Database in the Cassandra cluster generates a large number of commitlogs - Proactive Insights and Support For Open-Source Applications

Problem:

In the Cassandra cluster, the database generated a large number of commit logs and didn’t delete them. Due to this, the commit logs filesystem is getting full and the database is crashing. This is relevant for all nodes.

Process:

Step 1: Initial Investigation and gather information from the client

Initial troubleshooting and information gathering from the client includes the following points:

Hardware Specifications: Detail the hardware specifications of each Cassandra node.
Disk Space Check: Execute “df -h” command on all nodes to check disk space and share results.
System Logs Check: Run “tail -n 100 /path/to/cassandra/logs/system.log” on each node and share results. Provide a zip of the Cassandra config folder.
Commitlog Size and Write Activity: Determine the size of the commitlog directory and assess write activity on the database in terms of size and frequency.
Configuration File: Provide configuration files from all nodes or confirm if configurations are identical across all nodes.
Performance Metrics: Gather performance metrics such as memory usage for all Cassandra nodes.
Log Purge Process: Investigate if any log purge process is currently running on the system.
Memtable Cleanup Threshold: Verify and calculate memtable_cleanup_threshold values, ensuring alignment with recommended settings.
Java Version: Confirm the Java version used by Cassandra nodes and ensure it’s a 64-bit installation to avoid potential issues.
Additional Insights: Share relevant Stack Overflow threads and Jira issues, such as those related to growing commit logs for further insights.
Step 2: Deeper Investigation

For further investigation, we had a meeting with our experts where we covered the main topics about why commit logs fill up frequently to find a workaround, analyzed the commit logs to understand why hints were not getting cleaned up, and decided to request the files from the client to analyze the issue.

Solution:

After the investigation, our experts suggested the next solution

Throttle-down the write load: An easy way to do this, is to put an event streamer/message broker (like Pulsar or Kafka) in-between the writing application and the cluster. Then, build a consumer to grab the messages and write them into Cassandra
Adjusting memtable_flush_writers: Initially, we can try to increase the parameter memtable_flush_writers to something <= number of cores(8). This will cause a reduction in the memtable_cleanup_threshold ratio which means as per the comment in the cassandra.yaml(smaller mct will mean smaller flushes and hence more compaction, which means data will be flushed more frequently)

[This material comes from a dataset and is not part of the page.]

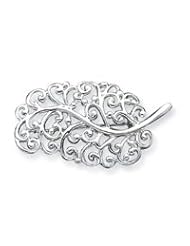Sterling Silver Filigree Leaf Pin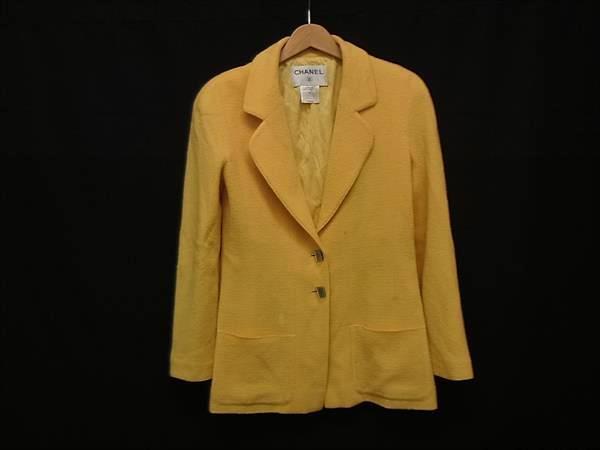 1円 CHANEL シャネル ココマーク ウール×ナイロン コート アウター 上着 洋服 表記サイズ 46 レディース イエロー系 FV3700拍卖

The formula is: memtable_cleanup_threshold = 1 / (memtable_flush_writers + 1).

We can try setting the memtable_flush_writers = 6 and observe the performance. If things don’t improve then try with:

memtable_flush_writers = 8 again and observe for some time. Keep track of CPU usage of all the nodes as well.

Adjust memtable_flush_writers in the cassandra.yaml file (requires a restart of all nodes).

Conclusion:

The Cassandra cluster faced issues with accumulating commit logs, causing filesystem congestion and database crashes across all nodes.

We did the initial investigation steps for troubleshooting a Cassandra database issue, including gathering hardware specifications, checking disk space and system logs, assessing commit log size, verifying configuration files and performance metrics, and confirming the Java version. Additionally, it mentions deeper investigation involving discussions with experts to address commit log filling and hint cleanup issues, and requesting files from the client for further analysis.

Proposed solutions include throttling down the write load by introducing an intermediary message broker, like Pulsar or Kafka, and adjusting the memtable_flush_writers parameter in the cassandra.yaml file to manage flushes and compaction effectively. Testing and monitoring are recommended before final adjustments, which may require restarting all nodes.